Une preuve de culpabilité d'Assad?

Du gaz sarin a été employé à «relativement grande échelle» le 21 août en Syrie. Il a été catapulté par des missiles sol-sol sophistiqués dans ce qui représente la plus importante attaque chimique à être confirmée depuis celle de 1988 en Irak. Voilà ce qu'a révélé hier le rapport tant attendu des Nations-Unies. Le secrétaire général Ban Ki-moon a parlé de «crime de guerre», tandis que Washington et Paris se sont empressés d'affirmer que seul le régime du président Bachar al-Assad possédait des missiles sol-sol et pouvait organiser une telle attaque. L'ONU a affirmé que la communauté internationale a «la responsabilité morale d'exiger des comptes des responsables»... tout en se gardant bien d'identifier ces responsables. Selon David Pollock, associé au Washington Institute, Moscou ne se prononcera pas devant ces nouvelles "preuves" et ignorera tout simplement la question de savoir qui a déclenché les attaques.

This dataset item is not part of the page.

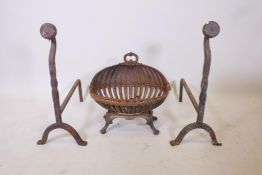 A cast iron clam shell fire basket and two fire irons, basket 19" x 13" x 17" high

La valse américano-russe se poursuit

Après être s'être concertés samedi sur la nécessité de démanteler l'arsenal chimique de Bachar al-Assad, la Russie et les États-Unis ne s'entendaient pas, hier, sur la signification de leur accord. Le secrétaire d'État américain John Kerry a réitéré qu'il fallait des "conséquences" si le président syrien ne collaborait pas, alors que Moscou s'oppose encore à tout recours à la force. «Cet accord est en train de devenir un obstacle», dit Houchang Hassan-Yari, spécialiste du Moyen-Orient au Collège militaire royal du Canada. L'expert rappelle que le Conseil de sécurité de l'ONU doit adopter une résolution visant à soutenir l'élimination des armes chimiques, mais qu'il est aussi paralysé qu'avant. «Je crois que cet accord a une valeur réelle, dit au contraire David Pollock, du Washington Institute. Il crée une certaine coopération entre la Russie et les autres pays sur la question syrienne, ce que nous n'avions pas vu jusqu'à maintenant. Et il créera, peut-être, des tensions entre la Russie et Assad lui-même.»

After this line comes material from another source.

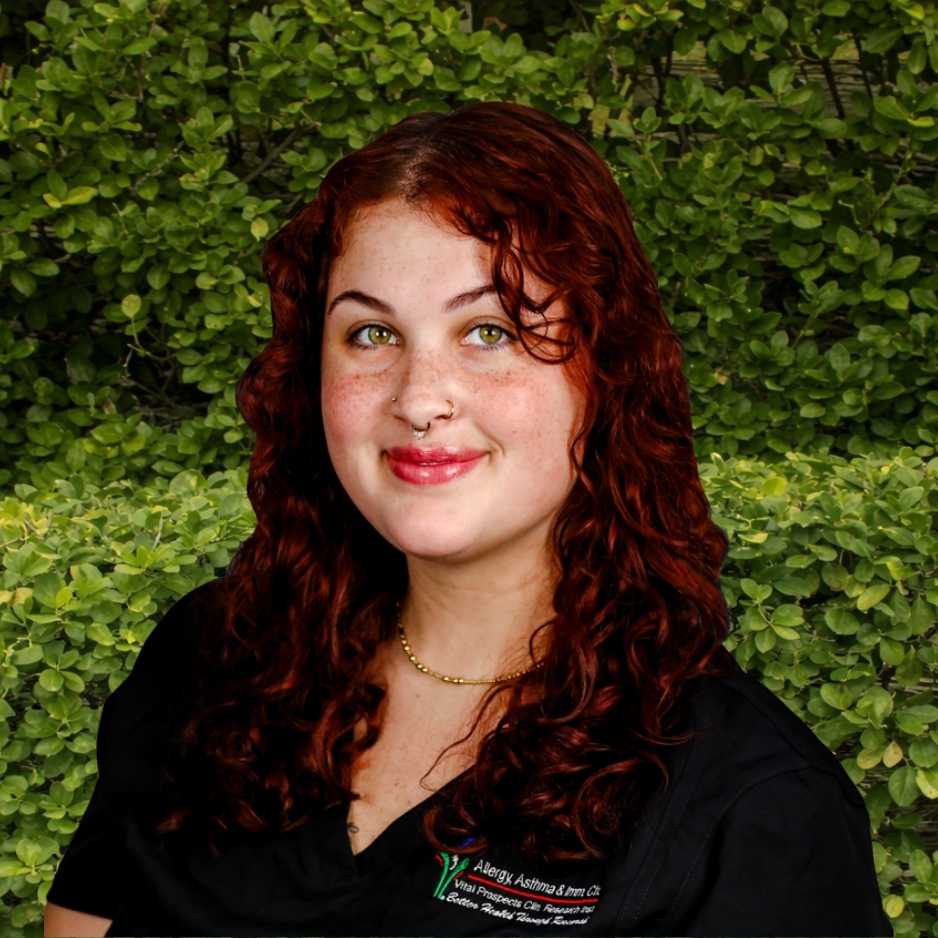 A clinical staff member with curly red hair stands outdoors in AAIC scrubs, reflecting supportive patient care in allergy and immunology.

Au-delà des armes chimiques

Selon David Pollock, expert au Washington Institute, la question des armes chimiques est en train de prendre trop de place sur la scène internationale. «Les armes chimiques, d'une certaine façon, sont déjà neutralisées. Je serais très surpris qu'Assad les utilise à nouveau dans le contexte actuel. Pendant qu'on discute de ça, la guerre civile continue», rappelle-t-il. Selon lui, Assad et la Russie se servent des armes chimiques comme un magicien qui attire l'attention du public sur quelque chose dans le but de manoeuvrer ailleurs à son insu. «Les armes chimiques ont tué un peu plus d'un millier de personnes. Les autres armes en ont tué 100 000. L'attention s'est concentrée sur un aspect très pointu de la crise, et je crois que ça fait l'affaire de Damas et de Moscou. Ils vont peut-être sacrifier cette carte, mais dans le but de gagner avec les autres qu'ils ont en main», explique-t-il.

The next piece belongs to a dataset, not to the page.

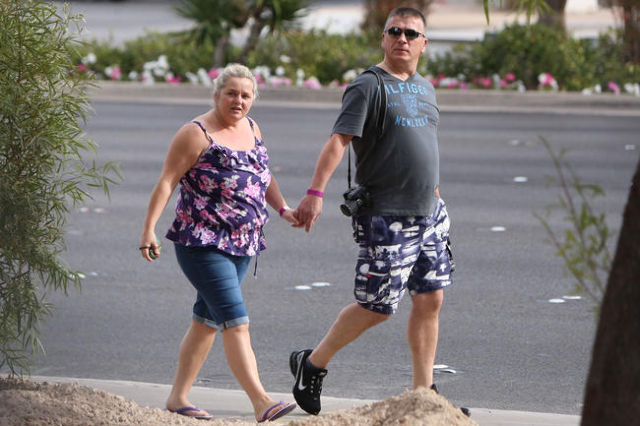 Tourists wearing shorts walk during a warm morning along Las Vegas Boulevard near the Mandalay Bay hotel-casino on Monday, Nov. 23, 2015. Bizuayehu Tesfaye/Las Vegas Review-Journal Follow @bizute ...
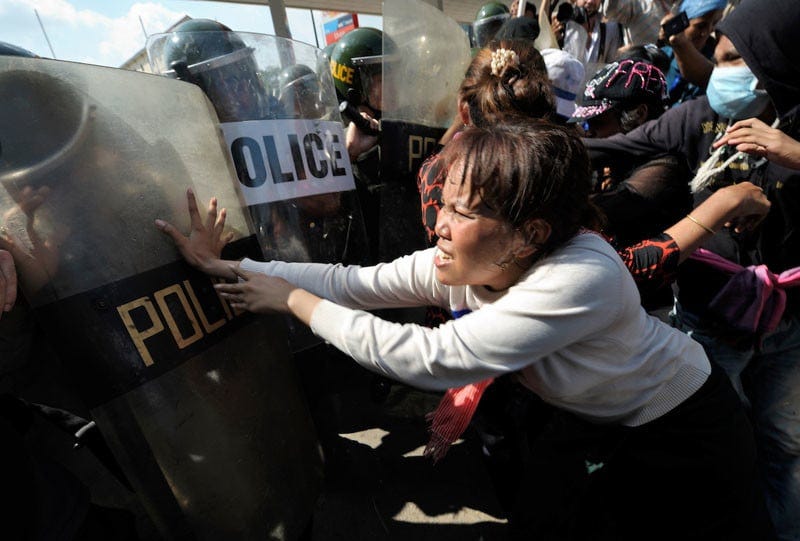 A woman demonstrator pushes back at police as displaced residents of Boeung Lake in Phnom Penh, who were left homeless after the government allowed a private developer to move them out and fill in the lake, attempt to protest in the Cambodian capital on December 10, 2012. They planned to take their protest to the prime minister's office, but police stopped them far short of their goal. Their protest took place on International Human Rights Day. Under "informed consent" rules that require prior approval, the photographer would have had to stop the protest, explain all conceivable forms of use and get permission and a signature from at least the woman, then allow them to proceed while photographing the action, careful not to accidentally include the face of anyone who hasn't given written consent. Photo by Paul Jeffrey. A woman demonstrator pushes back at police as displaced residents of Boeung Lake in Phnom Penh, who were left homeless after the government allowed a private developer to move them out and fill in the lake, attempt to protest in the Cambodian capital on December 10, 2012. They planned to take their protest to the prime minister's office, but police stopped them far short of their goal. Their protest took place on International Human Rights Day. Under "informed consent" rules that require prior approval, the photographer would have had to stop the protest, explain all conceivable forms of use and get permission and a signature from at least the woman, then allow them to proceed while photographing the action, careful not to accidentally include the face of anyone who hasn't given written consent. Photo by Paul Jeffrey.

Hélicoptère abattu et tensions régionales

La Turquie a annoncé hier qu'elle avait abattu un hélicoptère syrien qui avait violé son espace aérien, rappelant la dimension régionale du conflit. Les autorités turques disent avoir averti le pilote «de manière répétée» qu'il se trouvait en territoire turc, sans réaction de sa part. Des missiles tirés par des avions ont alors abattu l'hélicoptère. En 2012, l'armée syrienne avait abattu un avion turc, ce qui avait créé bien des tensions entre les deux pays. Selon l'expert David Pollock, des pays comme la Turquie, l'Arabie saoudite et les pays du golfe Persique - comme le Qatar - sont actuellement déçus de voir les États-Unis reculer sur une intervention immédiate contre la Syrie. Israël, au contraire, serait soulagé, craignant les conséquences indirectes d'une telle attaque sur son territoire.